> **Task material**
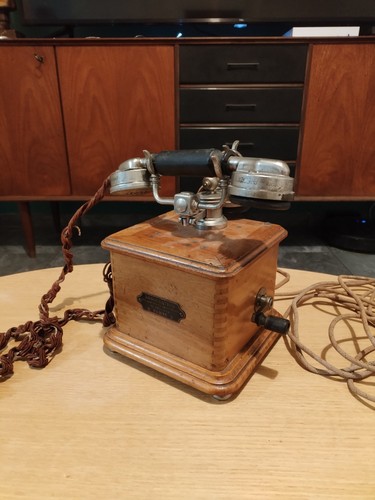 Ancien téléphone combiné - ancien,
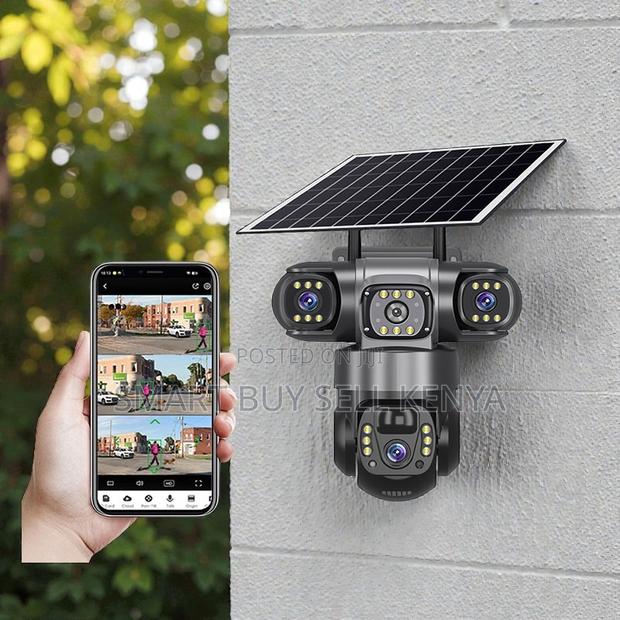 Efficient Outdoor Security Camera 20mp 4g PTZ Triple Lens Solar Camera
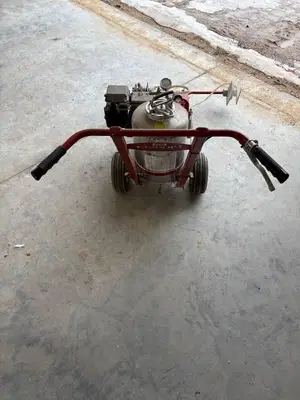 Pioneer Gas-Powered Line Painter / Striping Machine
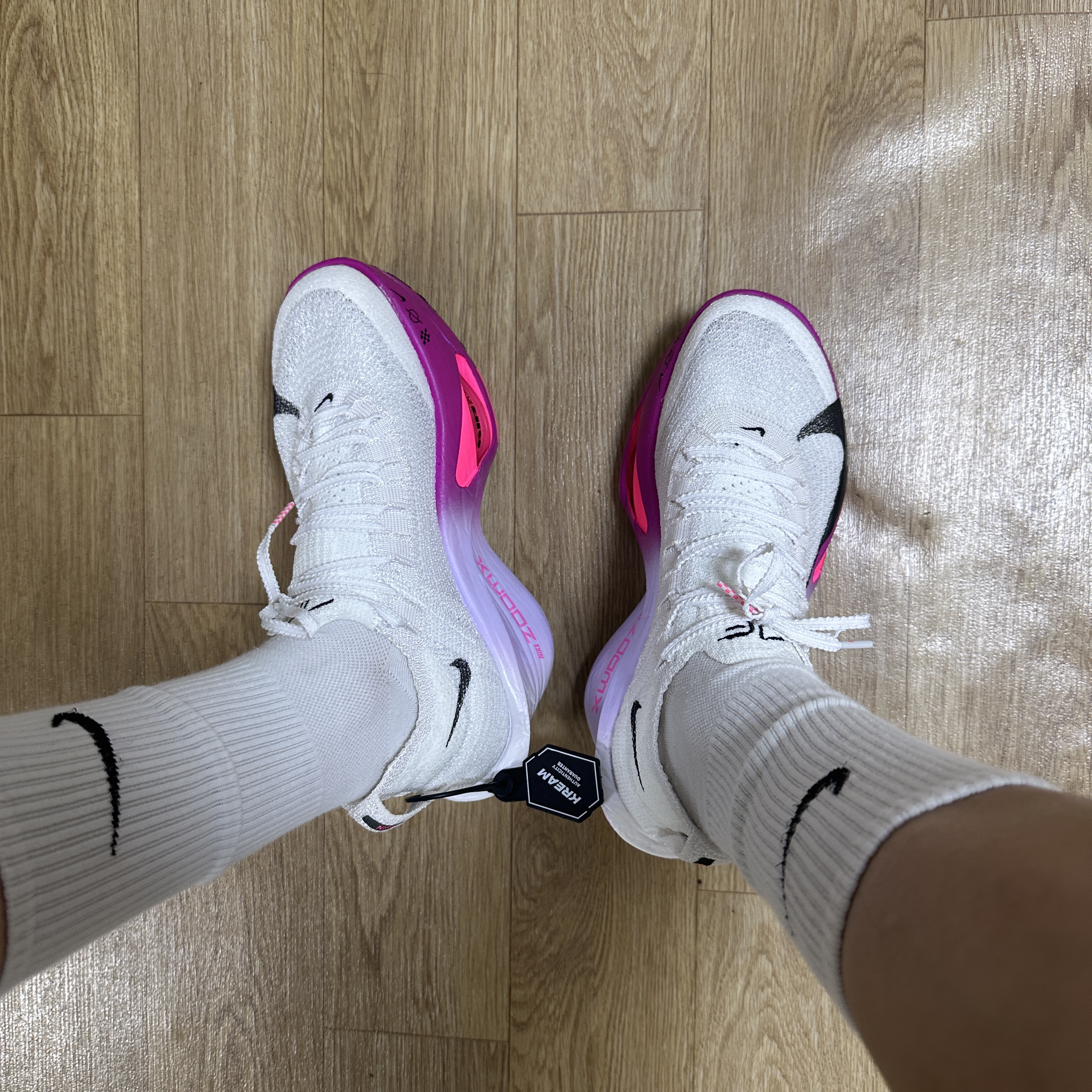 (W) Nike Air Zoom Alphafly Next% 3 Hyper Pink 착용 스타일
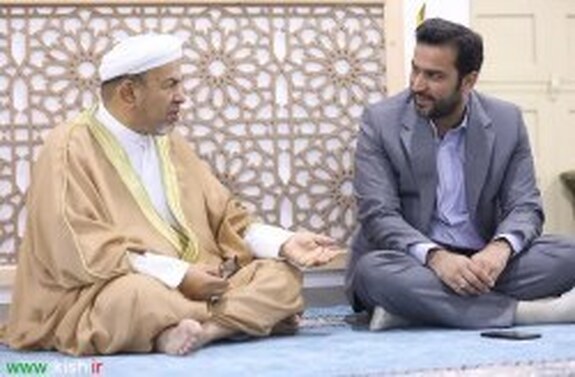 دیدار مدیرعامل سازمان منطقه آزاد کیش با امام جمعه اهل تسنن کیش دیدار مدیرعامل سازمان منطقه آزاد کیش با امام جمعه اهل تسنن کیش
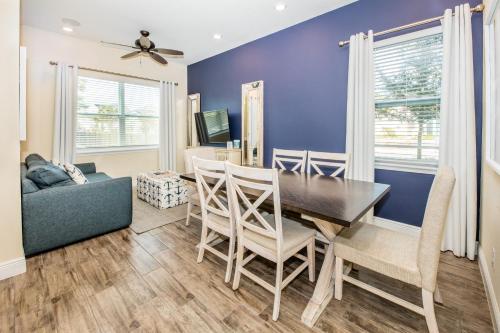 Flip Flops and Tank Tops Cottage with Private Pool near Disney with Margaritaville Access - 8098KD - image 13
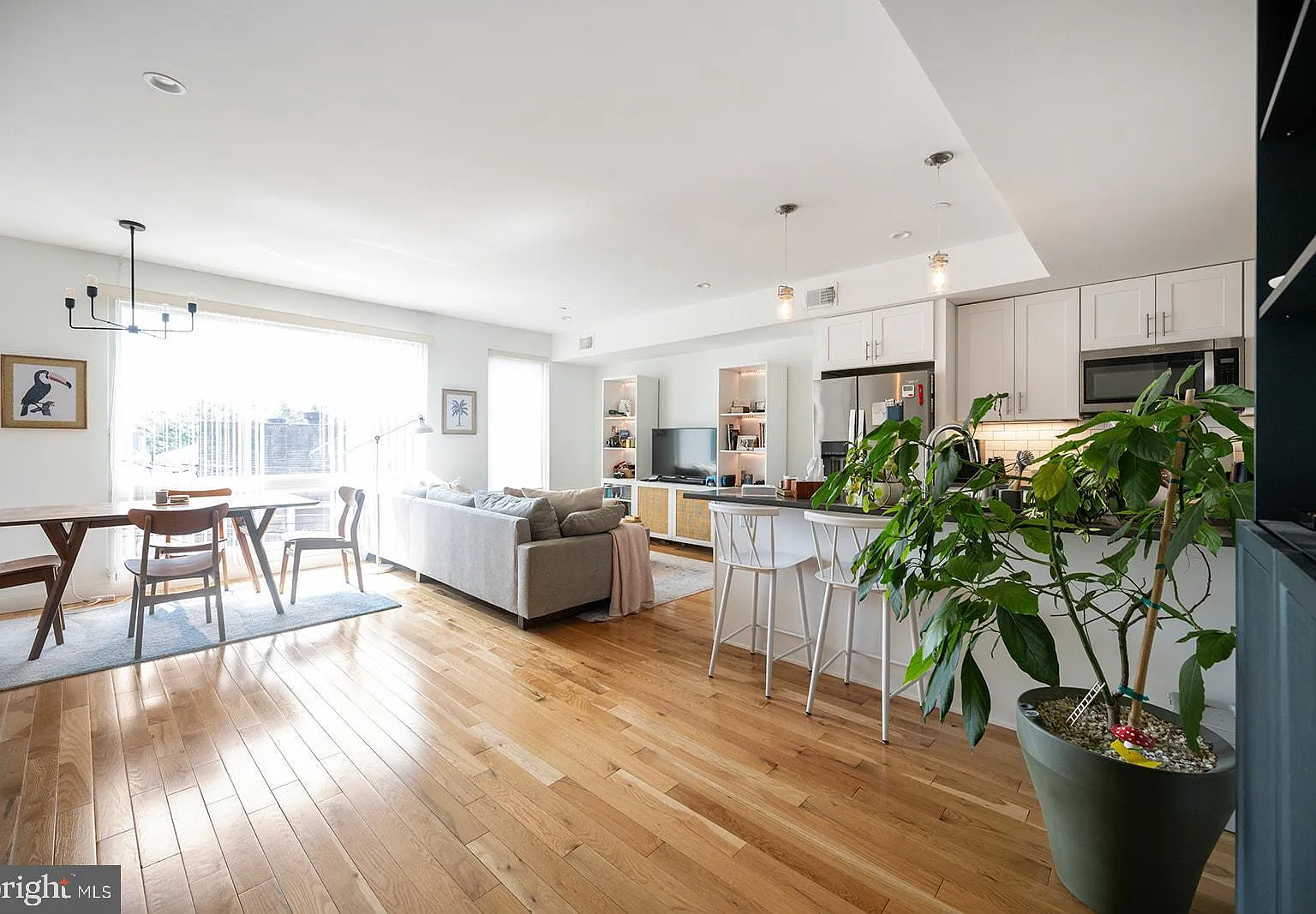 2 bed, 1040 sqft, $2,400 — Photo 2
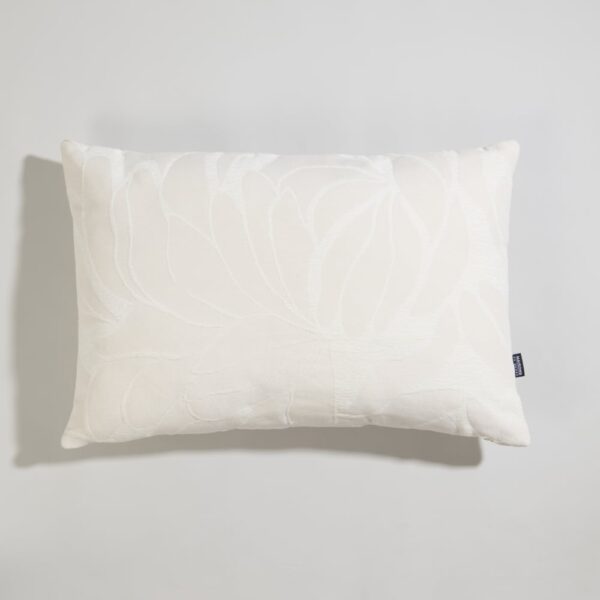 Coussin CASSIVE Maisons du Monde écru à motif feuillage jacquard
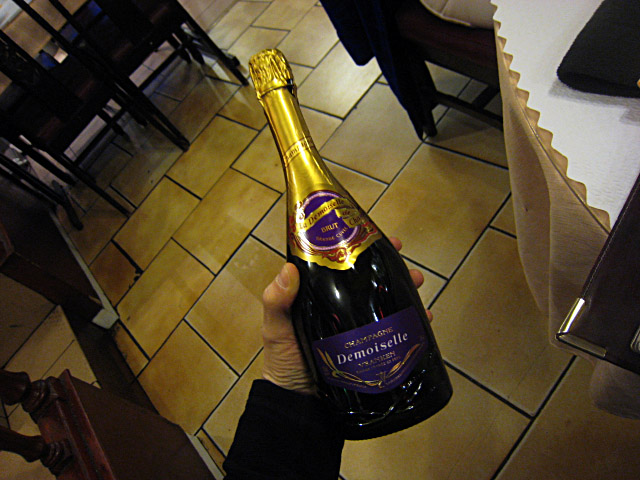 Aurore a apporté du champagne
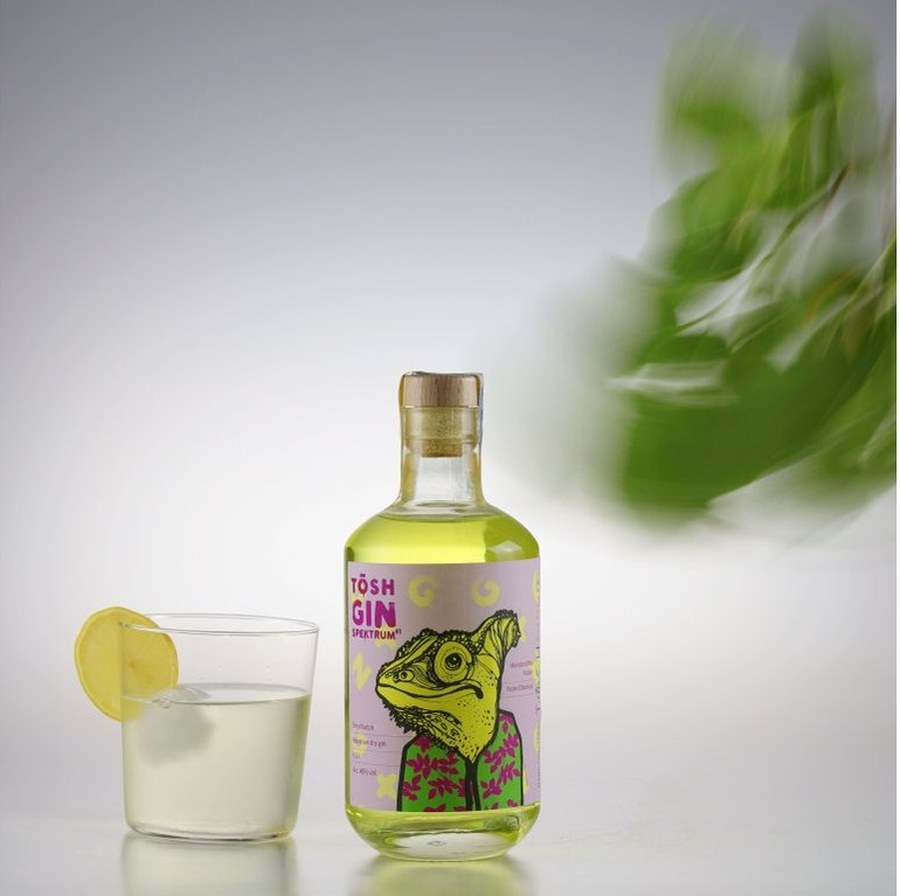 TŌSH Gin Spektrum v gin toniku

> **Work instructions**
Out of the records above, set down only the lines from the one that contains "تسنن کیش دیدار" through the one that contains "2 bed, 1040 sqft, $2,400 — Photo 2", unchanged and without the pictures.

> **Reply**
 دیدار مدیرعامل سازمان منطقه آزاد کیش با امام جمعه اهل تسنن کیش دیدار مدیرعامل سازمان منطقه آزاد کیش با امام جمعه اهل تسنن کیش
 Flip Flops and Tank Tops Cottage with Private Pool near Disney with Margaritaville Access - 8098KD - image 13
 2 bed, 1040 sqft, $2,400 — Photo 2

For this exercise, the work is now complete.